Example 4: Dynamic Hint Selection

async def adaptive_query(table: str, filters: dict, row_estimate: int):
  """Adapt hints based on estimated result size."""
  query = Query().select().from_table(table)

  # Add filters
  for field, value in filters.items():
    query = query.where(f'{field} = ${field}')

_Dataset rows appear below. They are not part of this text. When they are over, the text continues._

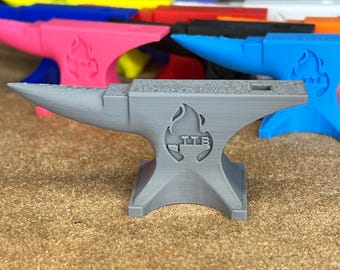 Mini Anvil – 3D Printed Blacksmith Desk Toy – Forge Prop for Kids Pretend Play, Smithing Decor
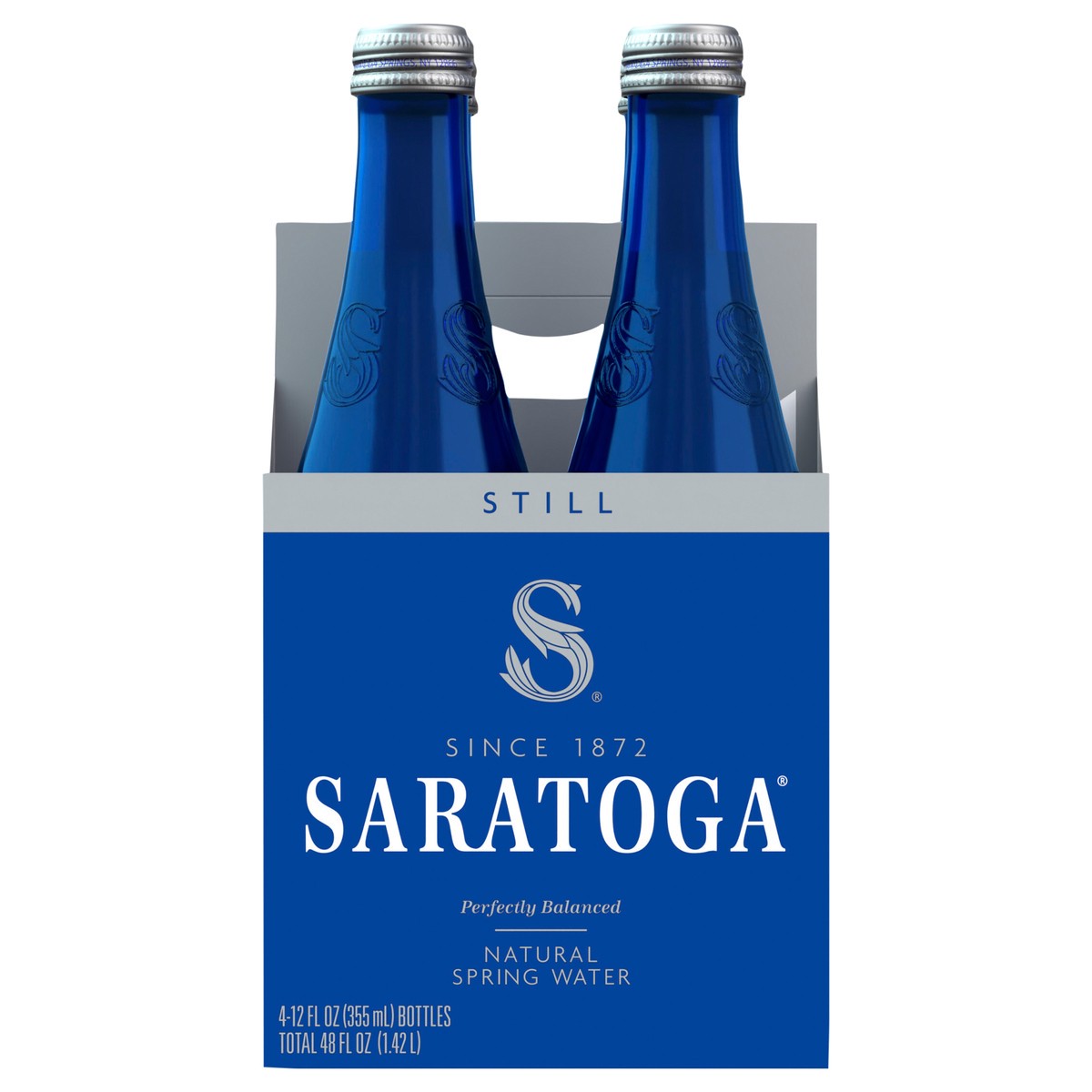 slide 1 of 4, Saratoga Still Water - 4 ct; 12 fl oz Bottles, 12 oz
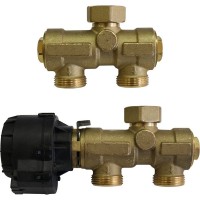 Клапан смесительный 3-х ходовой Protherm FUGAS 3/4 ВР(г) х 3/4 НР(ш) для обвязки котла с бойлером комплект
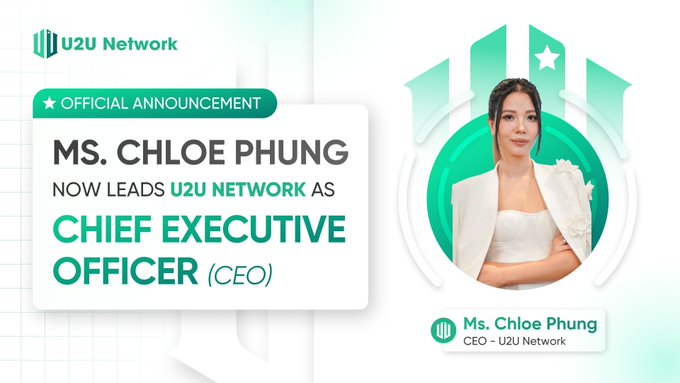 Cryptomark247's tweet photo. Meet our new CEO: @Trangphungvn🌟
A visionary. A builder. A force behind U2U’s mission.
Chloe Phung isn’t just leading a blockchain project —she’s crafting a “Make in Vietnam” digital future for enterprises & #Web3 alike @u2u_xyz 🇻🇳
#U2UNetwork $U2U #VietnamTech #jeddah #riyadh https://t.co/exgtPZiggm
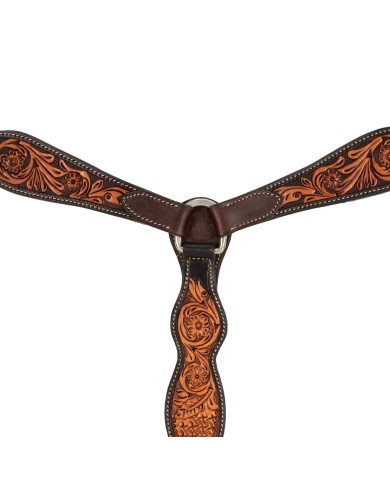 FLORAL WESTERN BREASTCOLLAR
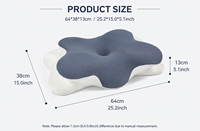 Oreiller de voyage OEM personnalisé en forme de papillon, en mousse à mémoire de forme, avec housse en polyester matelassée, amovible et lavable, pour un soutien ergonomique du cou et le soulagement des douleurs cervicales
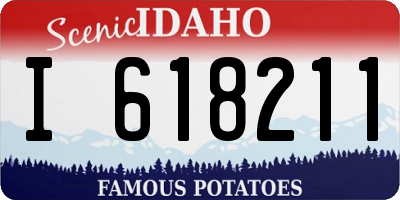 ID license plate I618211
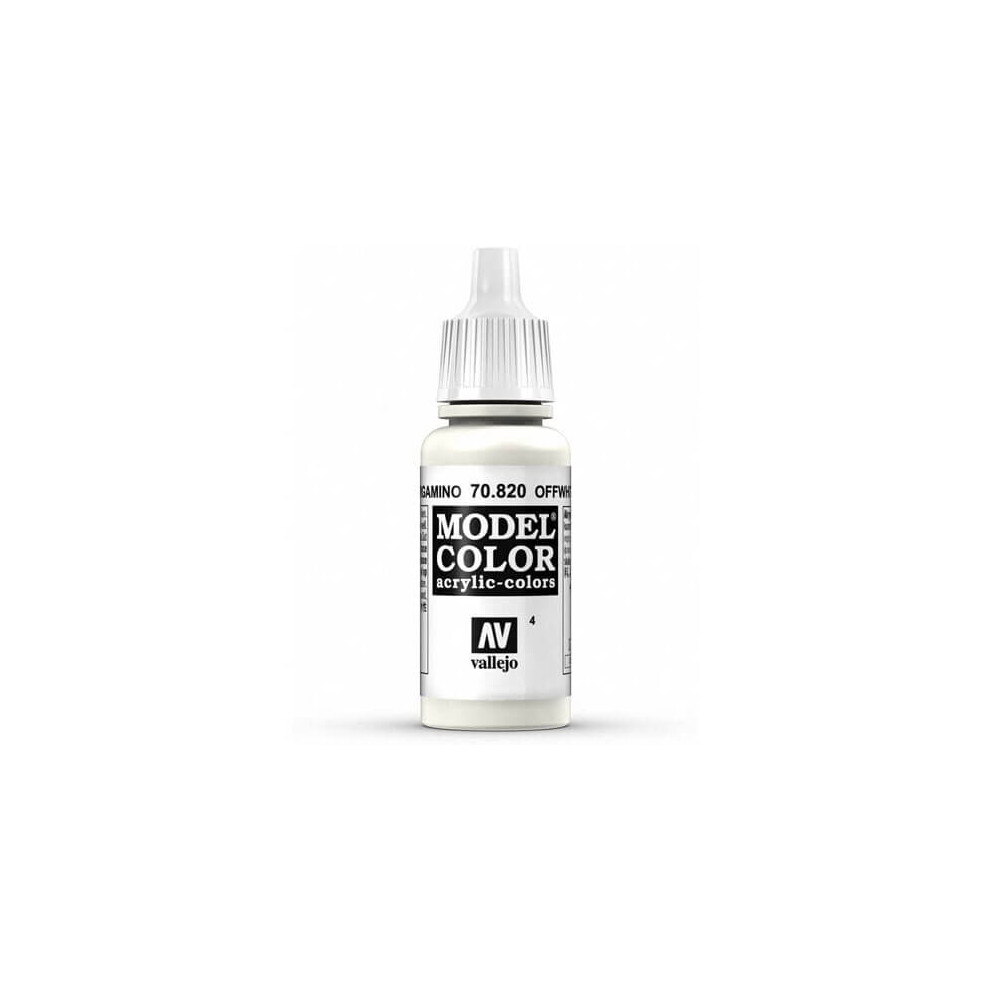 Val820 - Av Vallejo Model Color 17ml - Offwhite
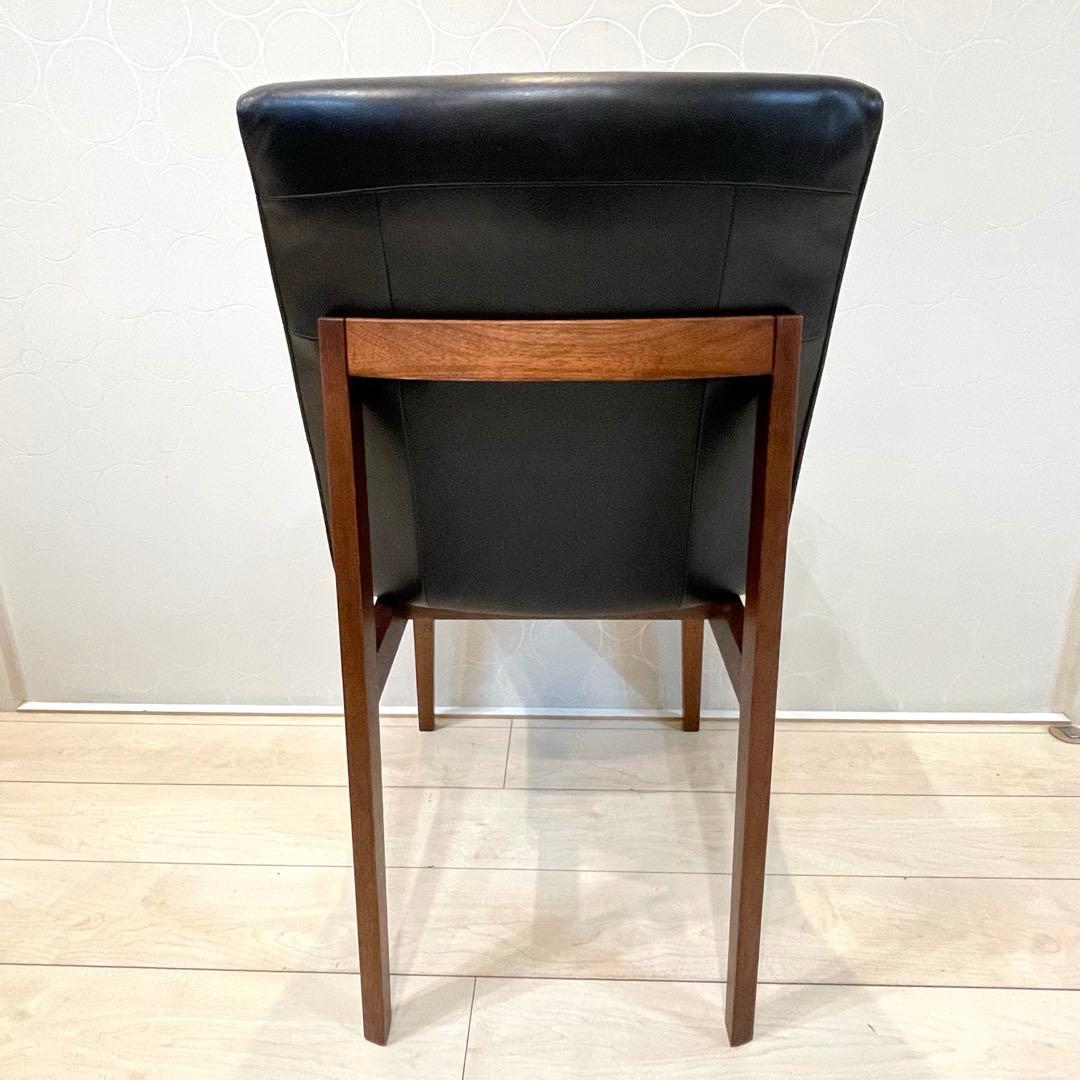 美品】ACTUS リレート ダイニングチェアC 本革 天然木 北欧 モダン ①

  # Adapt hints based on data volume
  if row_estimate < 1000:
    # Small dataset - eager fetch
    query = query.with_fetch('eager')
  elif row_estimate < 100000:
    # Medium dataset - batch with moderate workers
    query = (
      query
        .with_fetch('batch', batch_size=1000)
        .parallel(max_workers=4)
    )
  else:
    # Large dataset - aggressive optimization
    query = (
      query
        .with_fetch('batch', batch_size=5000)
        .parallel(max_workers=8)
        .with_timeout(120.0)
    )

  async with get_client(config) as client:
    return await query.execute(client, filters)

Example 5: Production Query Template

from surql.query import Query
from surql.query.hints import IndexHint, TimeoutHint, FetchHint

class QueryTemplates:
  """Production-ready query templates with optimizations."""

  @staticmethod
  def user_lookup(index_name: str = 'email_idx'):
    """Optimized user lookup query."""
    return (
      Query()
        .select()
        .from_table('user')
        .force_index(index_name)
        .with_timeout(3.0)
        .with_fetch('eager')
    )

  @staticmethod
  def bulk_analytics():
    """Heavy analytics query."""
    return (
      Query()
        .select()
        .from_table('analytics_events')
        .parallel(max_workers=6)
        .with_fetch('batch', batch_size=10000)
        .with_timeout(300.0)
    )

  @staticmethod
  def real_time_dashboard():
    """Fast queries for dashboards."""
    return (
      Query()
        .with_timeout(5.0)
        .with_fetch('batch', batch_size=500)
    )

Additional Resources

Summary

Query optimization hints provide fine-grained control over query execution:

  • IndexHint - Guide index selection
  • ParallelHint - Enable parallel processing
  • TimeoutHint - Control query duration
  • FetchHint - Optimize memory usage
  • ExplainHint - Analyze execution plans

Use hints judiciously, always profile first, and document your optimization decisions.